Matching results for four subjects are shown in Fig. 2. In the first column, the image pair (A and E) exhibits significant illumination variation across visits, with most neurons in Fig. 2E being brighter than those in Fig. 2A. In addition, the contrast between neurons and background tissue is also higher in Fig. 2E. Overall, our matching framework was robust to the illumination changes. In the second column, the image quality was significantly lower across both visits, but our matching framework could still find neuron correspondences accurately. Large image distortions due to eye motion are visible in the third subject (Figs. 2C, G), but our matching framework was still able to identify most neuron correspondences. Finally, due to montaging of overlapping images, edge artifacts are sometimes present (Fig. 2H). Nevertheless, our matching framework was still able to accurately identify neuron correspondences.

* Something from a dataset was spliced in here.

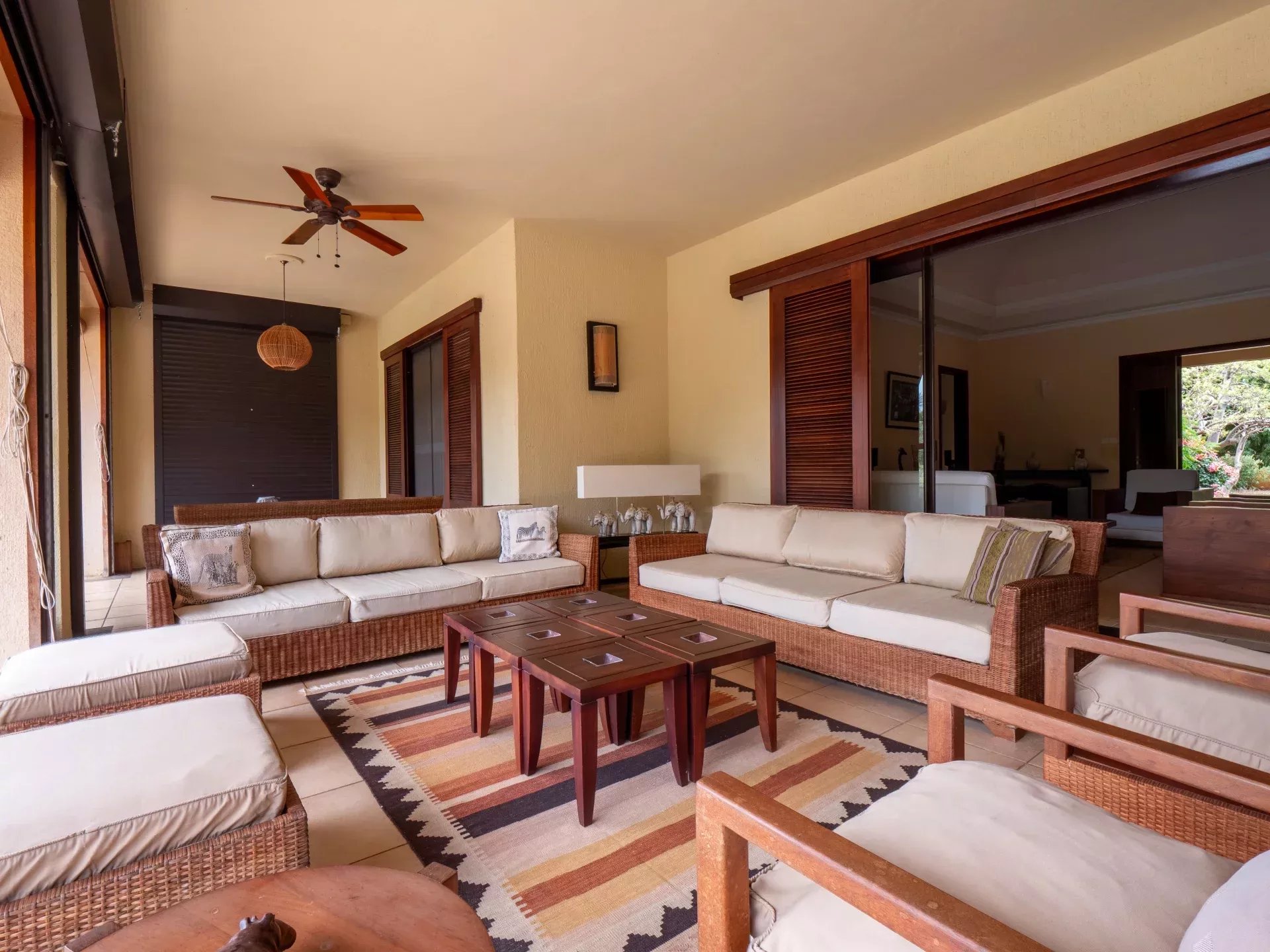 Villa à vendre à Tamarin avec piscine privée sur terrain de 4 000 m²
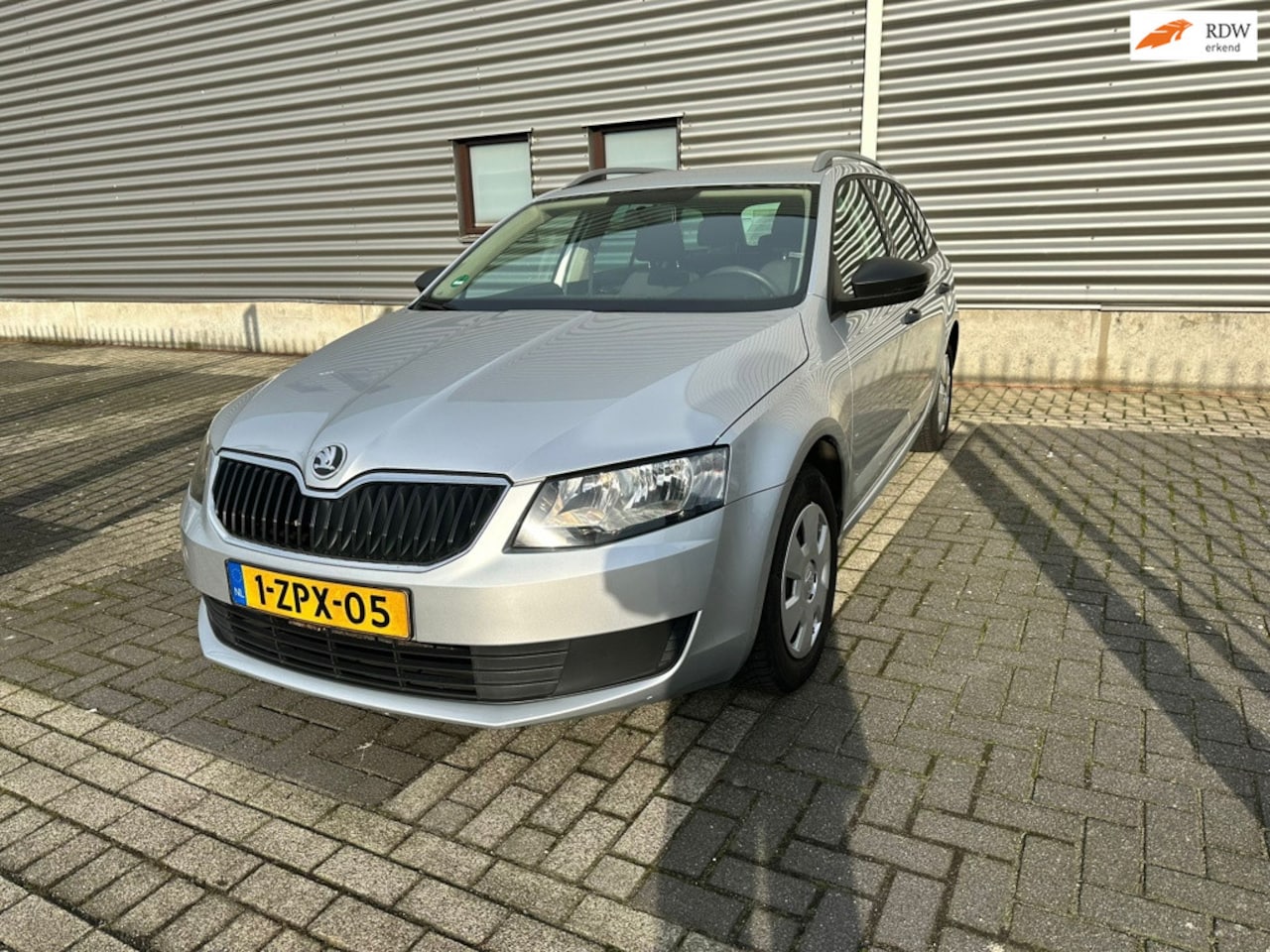 Skoda Octavia Combi - 1.2 TSI Greentech Active 1.2 TSI Greentech Active - AutoWereld.nl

The average computation time for \(500 \times 500\) pixel images was \(430\pm 79\) s.

4 Conclusion and Future Work

In this paper, we developed a robust matching framework to accurately determine cone photoreceptor neuron correspondences on longitudinal AOSLO images. The matching framework was developed based on three key contributions: application of the LIOP descriptor for neuron regions to tolerate illumination variation, a sparse-coding based voting process select relevant neuron pairs with discriminative similarity values, and a robust graph matching model utilizing both visual similarity and geometrical cone packing information. The validation dataset showed that the matching accuracy could achieve 98.2% even with about 15% neuron loss. The matching framework was able to tolerate an alignment error of at least 50% while maintaining over 99% accuracy. The matching accuracy on the test dataset was 98% over 3399 neuron correspondences, and showed high robustness to illumination variation, low image quality, image distortion, and edge artifacts. Future work will include application of our framework to additional patient datasets and optimization of computational speed.